Items from a data source:
-------------------------

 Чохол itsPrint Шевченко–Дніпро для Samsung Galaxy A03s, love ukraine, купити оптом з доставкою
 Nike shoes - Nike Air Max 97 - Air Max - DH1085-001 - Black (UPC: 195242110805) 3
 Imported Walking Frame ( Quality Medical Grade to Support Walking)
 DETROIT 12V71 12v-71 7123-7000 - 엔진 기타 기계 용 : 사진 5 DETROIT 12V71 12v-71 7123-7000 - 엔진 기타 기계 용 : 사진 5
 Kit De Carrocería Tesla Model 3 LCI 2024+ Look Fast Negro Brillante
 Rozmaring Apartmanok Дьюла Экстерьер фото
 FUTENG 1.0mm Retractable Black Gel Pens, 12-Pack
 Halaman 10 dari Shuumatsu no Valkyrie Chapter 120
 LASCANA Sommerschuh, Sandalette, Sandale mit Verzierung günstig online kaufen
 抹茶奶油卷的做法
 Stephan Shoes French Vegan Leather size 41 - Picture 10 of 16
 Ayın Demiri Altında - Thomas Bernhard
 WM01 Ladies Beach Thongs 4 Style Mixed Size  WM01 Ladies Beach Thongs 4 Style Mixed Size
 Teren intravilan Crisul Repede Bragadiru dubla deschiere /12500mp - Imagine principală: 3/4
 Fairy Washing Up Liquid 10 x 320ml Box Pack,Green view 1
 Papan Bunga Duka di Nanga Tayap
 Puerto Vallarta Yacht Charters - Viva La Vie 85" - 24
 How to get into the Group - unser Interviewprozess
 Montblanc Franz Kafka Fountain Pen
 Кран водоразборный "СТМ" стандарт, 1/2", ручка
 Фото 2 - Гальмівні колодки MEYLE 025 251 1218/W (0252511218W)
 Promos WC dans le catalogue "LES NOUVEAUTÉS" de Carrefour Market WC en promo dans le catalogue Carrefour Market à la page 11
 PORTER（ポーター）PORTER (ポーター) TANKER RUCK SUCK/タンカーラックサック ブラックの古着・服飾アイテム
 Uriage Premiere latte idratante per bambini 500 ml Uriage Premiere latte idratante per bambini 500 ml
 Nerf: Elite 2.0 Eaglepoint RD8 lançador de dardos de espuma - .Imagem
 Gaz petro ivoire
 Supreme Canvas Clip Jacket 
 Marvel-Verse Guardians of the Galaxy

-------------------------

Assignment
As listed above, the lines from the line with "Montblanc Franz Kafka Fountain Pen" to the line with "Promos WC dans" are to be echoed exactly, with both ends included and nothing added.

Output of the exercise
 Montblanc Franz Kafka Fountain Pen
 Кран водоразборный "СТМ" стандарт, 1/2", ручка
 Фото 2 - Гальмівні колодки MEYLE 025 251 1218/W (0252511218W)
 Promos WC dans le catalogue "LES NOUVEAUTÉS" de Carrefour Market WC en promo dans le catalogue Carrefour Market à la page 11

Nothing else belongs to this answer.